Another idea is to make the deprecation warning increasingly scary sounding.
"DEPRECATED: i will literally kill you"
"Continuing to use this feature is a moral failure on your part and you should be ashamed, your parents should be ashamed, and dishonor will follow you wherever you go."
"If you don't migrate I will tell your mum"
sorry, i'm not afraid of this. i'll keep using the feature.
Code churn is an evil, negative value activity. Design sanely and carefully before settling upon a published, standard contract. Churn of external-facing APIs should be extremely rare to solve essential critical problems, not for pseudo-maintenance bikeshedding. Also, the "it's a hobby" excuse doesn't fly.
tl;dr: Stop changing and breaking shit unnecessarily.

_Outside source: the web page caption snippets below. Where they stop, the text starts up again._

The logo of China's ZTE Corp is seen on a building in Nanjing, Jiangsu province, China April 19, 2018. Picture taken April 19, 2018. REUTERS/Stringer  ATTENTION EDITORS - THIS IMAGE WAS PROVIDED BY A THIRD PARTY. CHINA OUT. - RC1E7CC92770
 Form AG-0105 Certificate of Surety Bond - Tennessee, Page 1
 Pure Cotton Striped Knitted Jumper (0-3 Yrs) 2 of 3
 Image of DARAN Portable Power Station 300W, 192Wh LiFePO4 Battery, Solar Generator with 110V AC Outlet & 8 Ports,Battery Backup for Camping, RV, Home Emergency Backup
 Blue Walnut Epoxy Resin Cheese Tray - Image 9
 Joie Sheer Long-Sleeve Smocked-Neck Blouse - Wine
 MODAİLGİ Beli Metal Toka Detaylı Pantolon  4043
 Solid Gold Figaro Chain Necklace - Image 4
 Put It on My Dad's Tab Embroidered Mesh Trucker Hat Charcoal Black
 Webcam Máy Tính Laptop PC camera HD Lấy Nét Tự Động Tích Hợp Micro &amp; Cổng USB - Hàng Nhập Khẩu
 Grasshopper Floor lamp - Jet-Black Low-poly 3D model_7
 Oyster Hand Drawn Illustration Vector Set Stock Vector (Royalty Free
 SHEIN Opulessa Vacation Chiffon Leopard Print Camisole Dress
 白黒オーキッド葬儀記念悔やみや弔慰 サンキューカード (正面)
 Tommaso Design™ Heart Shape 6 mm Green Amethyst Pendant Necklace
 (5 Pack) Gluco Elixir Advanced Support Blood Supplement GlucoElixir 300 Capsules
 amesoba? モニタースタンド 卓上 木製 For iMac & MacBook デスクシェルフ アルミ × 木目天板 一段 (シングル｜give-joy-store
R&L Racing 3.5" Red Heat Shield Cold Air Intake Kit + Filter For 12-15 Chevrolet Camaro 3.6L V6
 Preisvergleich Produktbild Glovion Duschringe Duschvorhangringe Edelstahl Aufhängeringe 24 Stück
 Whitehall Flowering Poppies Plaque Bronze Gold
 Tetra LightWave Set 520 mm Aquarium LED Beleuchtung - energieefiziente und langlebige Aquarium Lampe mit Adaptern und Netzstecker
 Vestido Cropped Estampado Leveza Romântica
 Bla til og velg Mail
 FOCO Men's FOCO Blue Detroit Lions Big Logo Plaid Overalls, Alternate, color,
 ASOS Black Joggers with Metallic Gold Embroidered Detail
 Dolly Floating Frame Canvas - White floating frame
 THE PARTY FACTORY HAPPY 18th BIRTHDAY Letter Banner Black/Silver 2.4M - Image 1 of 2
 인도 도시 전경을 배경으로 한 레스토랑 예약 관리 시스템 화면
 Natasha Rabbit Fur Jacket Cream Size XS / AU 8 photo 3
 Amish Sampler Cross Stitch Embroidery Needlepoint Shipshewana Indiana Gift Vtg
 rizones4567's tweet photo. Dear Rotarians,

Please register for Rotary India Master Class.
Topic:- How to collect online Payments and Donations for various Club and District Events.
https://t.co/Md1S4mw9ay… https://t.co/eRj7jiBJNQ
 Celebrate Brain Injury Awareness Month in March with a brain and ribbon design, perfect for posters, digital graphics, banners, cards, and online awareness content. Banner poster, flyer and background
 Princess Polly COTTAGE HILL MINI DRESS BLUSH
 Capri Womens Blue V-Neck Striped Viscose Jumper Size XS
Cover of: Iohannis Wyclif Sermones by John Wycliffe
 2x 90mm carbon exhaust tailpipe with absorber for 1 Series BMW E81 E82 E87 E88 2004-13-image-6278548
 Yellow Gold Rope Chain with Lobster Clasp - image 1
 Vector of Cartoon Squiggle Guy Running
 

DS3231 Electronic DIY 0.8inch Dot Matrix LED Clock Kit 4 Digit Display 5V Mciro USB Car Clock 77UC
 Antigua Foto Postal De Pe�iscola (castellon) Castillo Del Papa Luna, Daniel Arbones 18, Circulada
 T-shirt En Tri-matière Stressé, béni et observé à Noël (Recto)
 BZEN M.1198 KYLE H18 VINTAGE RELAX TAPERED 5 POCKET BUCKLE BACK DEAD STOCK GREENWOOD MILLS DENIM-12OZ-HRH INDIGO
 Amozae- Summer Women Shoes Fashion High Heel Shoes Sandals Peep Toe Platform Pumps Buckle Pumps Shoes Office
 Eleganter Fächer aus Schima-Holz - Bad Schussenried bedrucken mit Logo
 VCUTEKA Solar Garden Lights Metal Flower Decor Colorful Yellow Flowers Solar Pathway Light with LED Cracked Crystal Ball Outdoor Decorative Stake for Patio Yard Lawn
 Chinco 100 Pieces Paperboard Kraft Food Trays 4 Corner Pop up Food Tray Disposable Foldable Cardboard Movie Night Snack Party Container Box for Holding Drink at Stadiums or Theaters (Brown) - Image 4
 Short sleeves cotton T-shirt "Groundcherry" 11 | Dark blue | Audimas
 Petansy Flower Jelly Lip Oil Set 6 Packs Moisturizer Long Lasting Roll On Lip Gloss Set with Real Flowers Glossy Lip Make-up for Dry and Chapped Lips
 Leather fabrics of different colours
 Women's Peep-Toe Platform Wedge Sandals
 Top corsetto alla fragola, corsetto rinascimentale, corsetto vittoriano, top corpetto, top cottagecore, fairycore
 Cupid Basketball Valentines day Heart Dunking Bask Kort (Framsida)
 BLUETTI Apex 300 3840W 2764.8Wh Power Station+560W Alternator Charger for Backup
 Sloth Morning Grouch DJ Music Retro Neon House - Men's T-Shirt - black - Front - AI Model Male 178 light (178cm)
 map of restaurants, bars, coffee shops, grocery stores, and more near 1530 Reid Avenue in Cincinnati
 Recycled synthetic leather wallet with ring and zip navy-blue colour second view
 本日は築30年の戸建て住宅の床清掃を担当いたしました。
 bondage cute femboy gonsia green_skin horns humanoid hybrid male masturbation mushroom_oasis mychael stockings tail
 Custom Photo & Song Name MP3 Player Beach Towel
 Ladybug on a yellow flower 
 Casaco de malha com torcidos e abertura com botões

Jesus, what a terrible idea. This is such a terrible idea that I would not hire this guy based on this post alone.
What I want from code is for it to a) work, and b) if that's not possible, to fail predictably and loudly.
Returning the wrong result is neither of the above. It doesn't draw attention to the deprecation warnings as OP intended--instead, it causes a mysterious and non-deterministic error, literally the worst kind of thing to debug. The idea that this is going to work out in any way calls into question the writer's judgment in general. Why on earth would you intentionally introduce the hardest kind of bug to debug into your codebase?